INFORMATION SUPPLIED ::
########

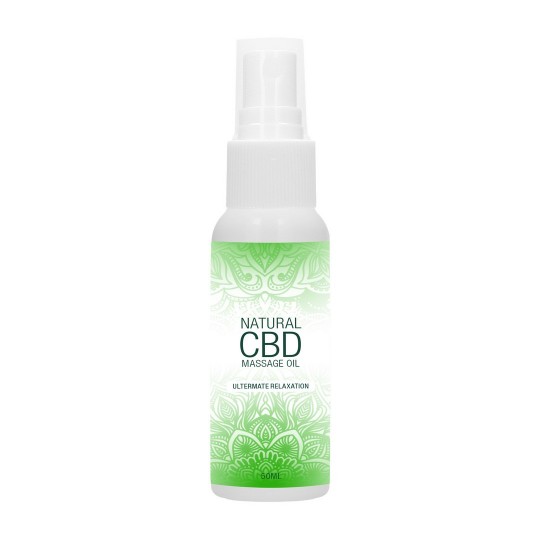 NATURAL CBD - MASSAGE OIL - 2 FL OZ / 50 ML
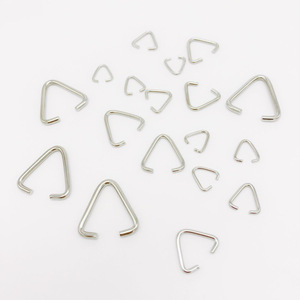 Plusieurs tailles disponibles pour la sélection, accessoires de porte-clés en métal triangulaire DIY pour clés de voiture - Product Image 6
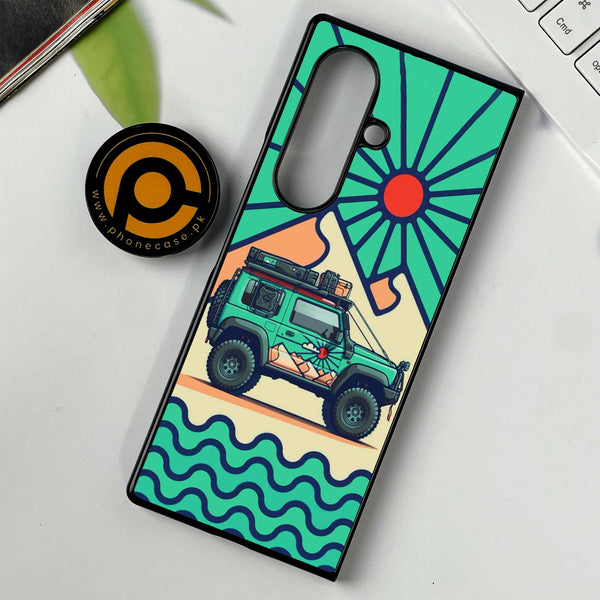 Samsung Galaxy Z Fold 7 - Suzuki Jimny Design -  Premium Metal Printed soft Bumper shock Proof Case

########

PROBLEM TO WORK ON :: Starting at the line that contains "Plusieurs tailles disponibles", please write out each line through the last line of the data, both ends included, and keep pictures out of the copy.

EXERCISE RESPONSE ::
 Plusieurs tailles disponibles pour la sélection, accessoires de porte-clés en métal triangulaire DIY pour clés de voiture - Product Image 6
 Samsung Galaxy Z Fold 7 - Suzuki Jimny Design -  Premium Metal Printed soft Bumper shock Proof Case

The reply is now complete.